• Required action:
Write out the lines of the material below exactly, beginning at the line with "Playera Crop Manga Corta Osito INDIGO" and stopping after the line with "Free Musician Portfolio", and leave out the pictures.

• Supplied data:
+---+

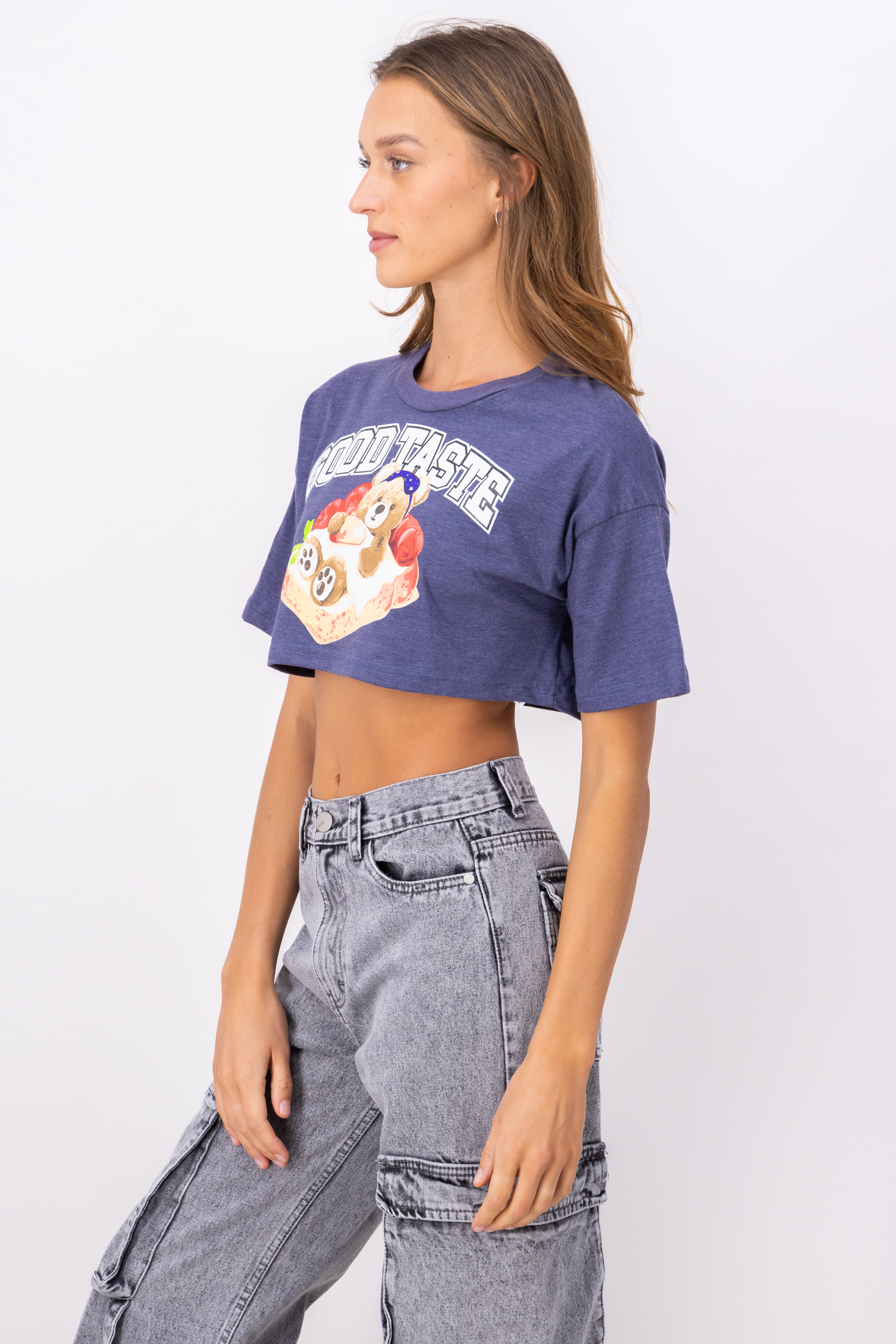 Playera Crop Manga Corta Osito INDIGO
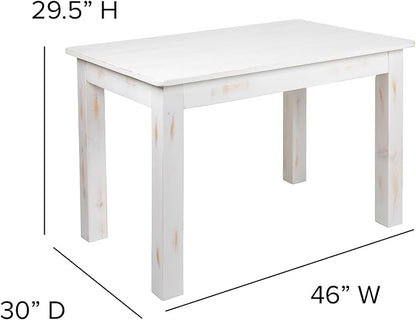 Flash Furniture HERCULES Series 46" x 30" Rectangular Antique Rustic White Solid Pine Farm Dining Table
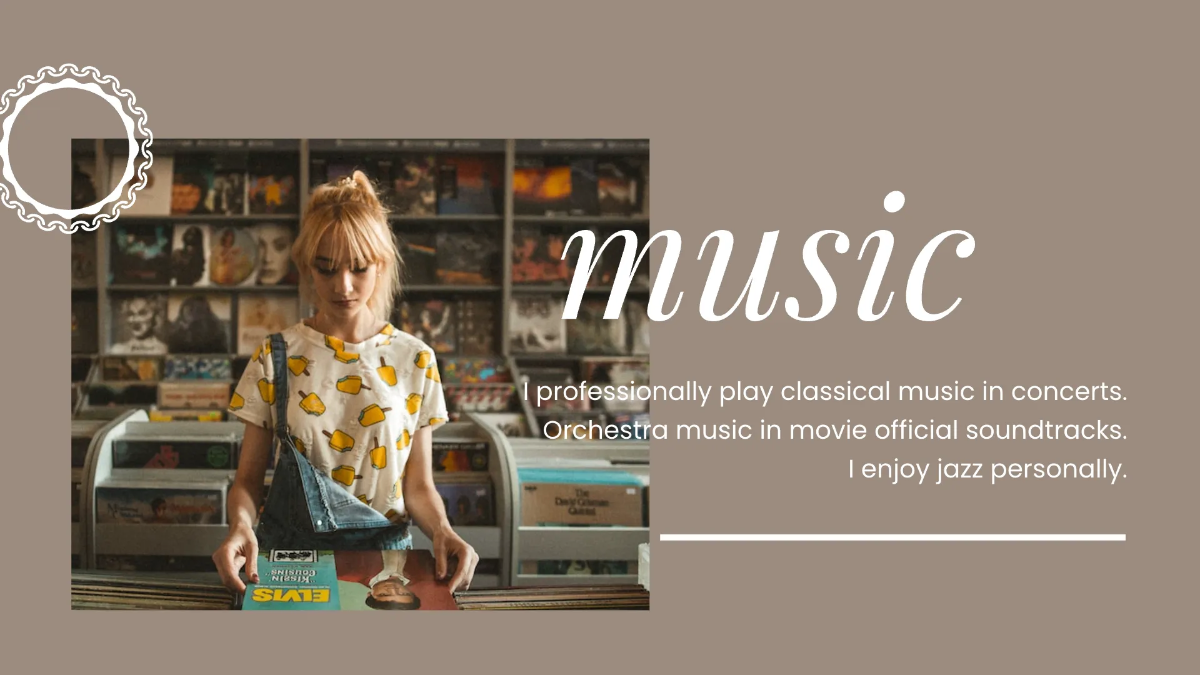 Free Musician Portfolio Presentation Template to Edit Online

+---+

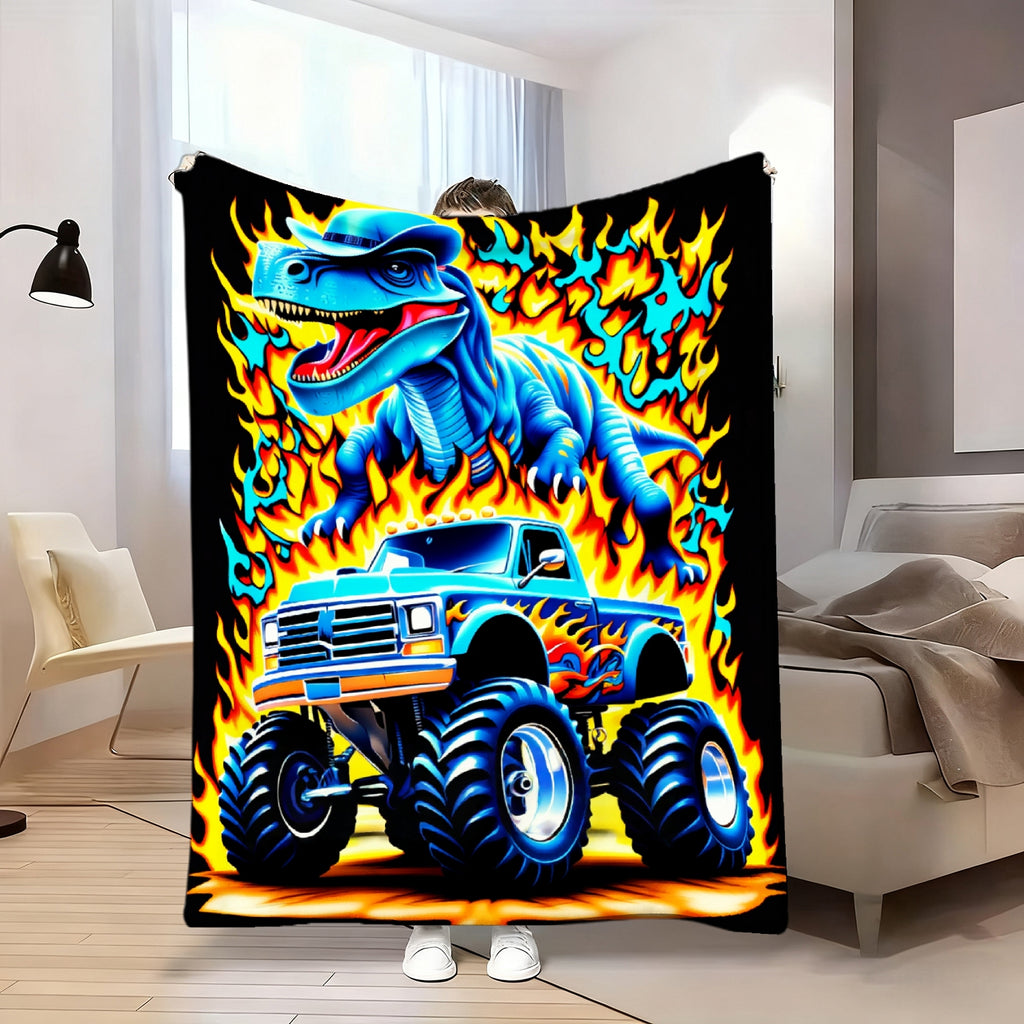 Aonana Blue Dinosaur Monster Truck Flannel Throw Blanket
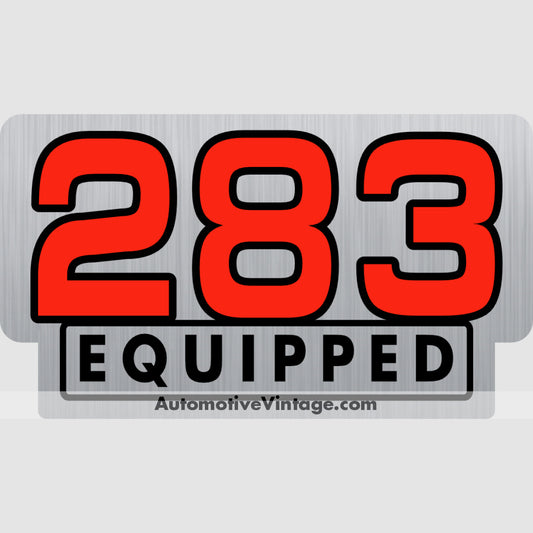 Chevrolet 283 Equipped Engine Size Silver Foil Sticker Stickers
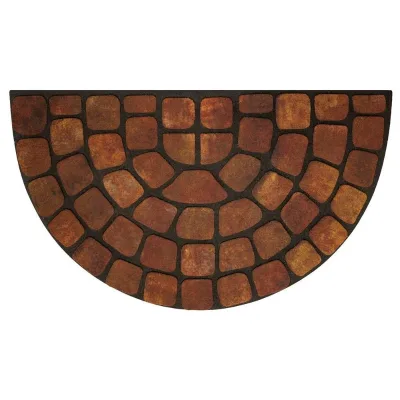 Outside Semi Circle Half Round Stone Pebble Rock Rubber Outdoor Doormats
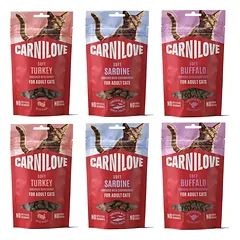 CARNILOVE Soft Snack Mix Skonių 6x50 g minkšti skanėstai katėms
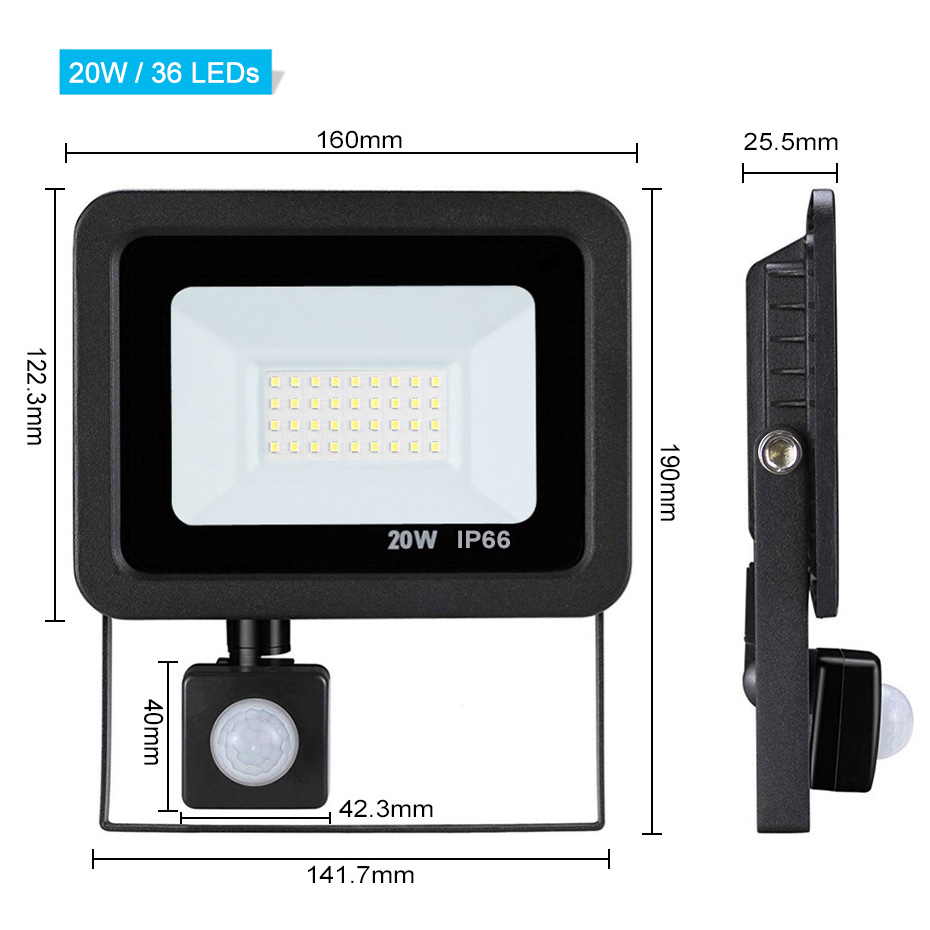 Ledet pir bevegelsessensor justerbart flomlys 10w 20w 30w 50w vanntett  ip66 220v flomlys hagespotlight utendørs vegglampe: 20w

+---+

• Exercise answer:
 Playera Crop Manga Corta Osito INDIGO
 Flash Furniture HERCULES Series 46" x 30" Rectangular Antique Rustic White Solid Pine Farm Dining Table
 Free Musician Portfolio Presentation Template to Edit Online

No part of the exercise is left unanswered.